Task to complete: Go through the records below from the first line and print each one exactly, stopping after the line that contains "Hi everyone, and". Do not print pictures or anything past that line.

Given information:
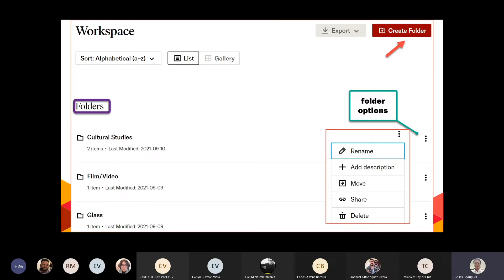Los folders pueden tener cualquier nombre. A la mano derecha, donde están los tres puntitos, se abren las opciones para los folders: pueden renombrarlo, ponerle una descripción — que es bueno si van a crear muchos folders —, mover el folder a otro folder. Con Share, les pide abrir el Linking to Share; copian ese enlace y se lo envían a personas para que puedan recibir un PDF con la data del folder. También pueden eliminarlo si no necesitan ese folder.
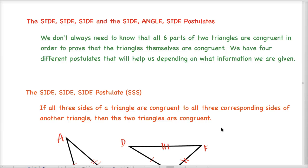Hi everyone, and welcome to tonight's video where we're going to be talking about two very important postulates that we're going to be using throughout the rest of the chapter in terms of proving that two triangles are congruent. They are called the side-side-side and the side-angle-side postulates.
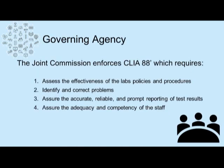The Joint Commission enforces the Clinical Laboratory Improvement Act of 1988, which requires that laboratories: first, assess the effectiveness of the lab's policies and procedures; two, identify and correct problems; three, assure the accurate, reliable, and prompt reporting of test results; and four, assure the adequacy and competency of the clinical laboratory staff.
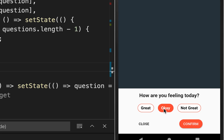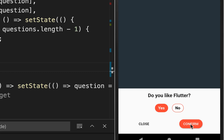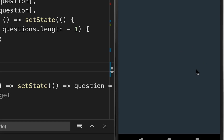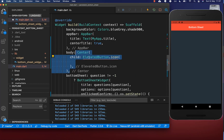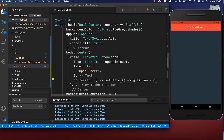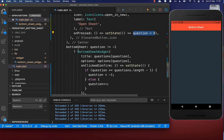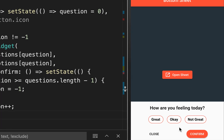With this you have a bottom sheet where you can always select an option and click confirm to go to the next question. When you reach the end, clicking confirm makes the bottom sheet disappear. We also add a button to reopen it: in the main file, inside the scaffold body, we add an elevated button with an icon and a label open sheet. Clicking it sets the question index to zero, which displays the bottom sheet again. Clicking open sheet opens the sheet, and clicking close again closes it.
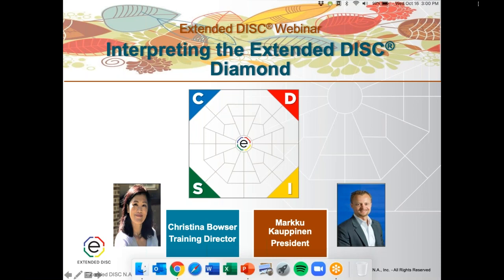Good afternoon and welcome to the Extended DISC webinar. Today's 15-minute webinar is on interpreting the Extended DISC diamond. We are recording this webinar and will post it on our website as well as our YouTube channel. We won't have time for live questions, but if you put your questions in the questions section we'll follow up with you after the webinar.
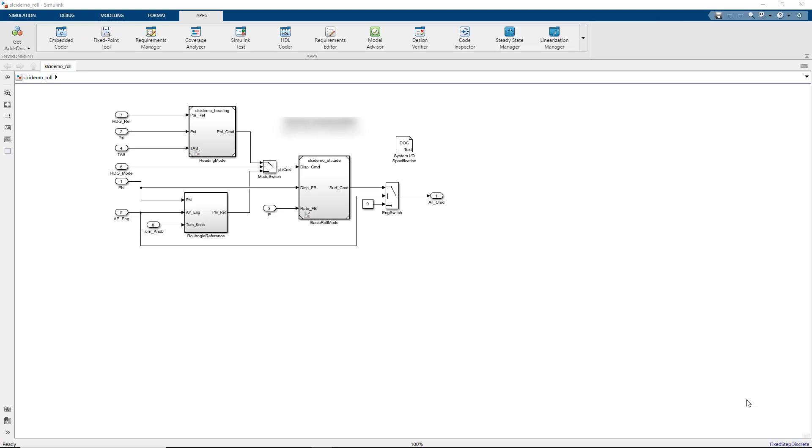Welcome to the introduction to Simulink Code Inspector, a tool that automatically verifies generated code. In this video, you will learn the features of the Simulink Code Inspector app.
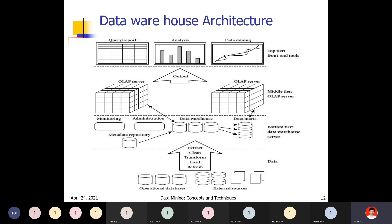Data warehouse models include: virtual warehouse, data mart, and enterprise data warehouse. The complete architecture has three tiers: bottom tier (data warehouse server), middle tier (OLAP servers — both ROLAP and MOLAP), and top tier (front-end client layer with query reports, analysis, and data mining). Users directly interact with the top tier to get reports, perform analysis, and make decisions. This concludes the data warehouse architecture and its models.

Solution to this task:
Los folders pueden tener cualquier nombre. A la mano derecha, donde están los tres puntitos, se abren las opciones para los folders: pueden renombrarlo, ponerle una descripción — que es bueno si van a crear muchos folders —, mover el folder a otro folder. Con Share, les pide abrir el Linking to Share; copian ese enlace y se lo envían a personas para que puedan recibir un PDF con la data del folder. También pueden eliminarlo si no necesitan ese folder.
Hi everyone, and welcome to tonight's video where we're going to be talking about two very important postulates that we're going to be using throughout the rest of the chapter in terms of proving that two triangles are congruent. They are called the side-side-side and the side-angle-side postulates.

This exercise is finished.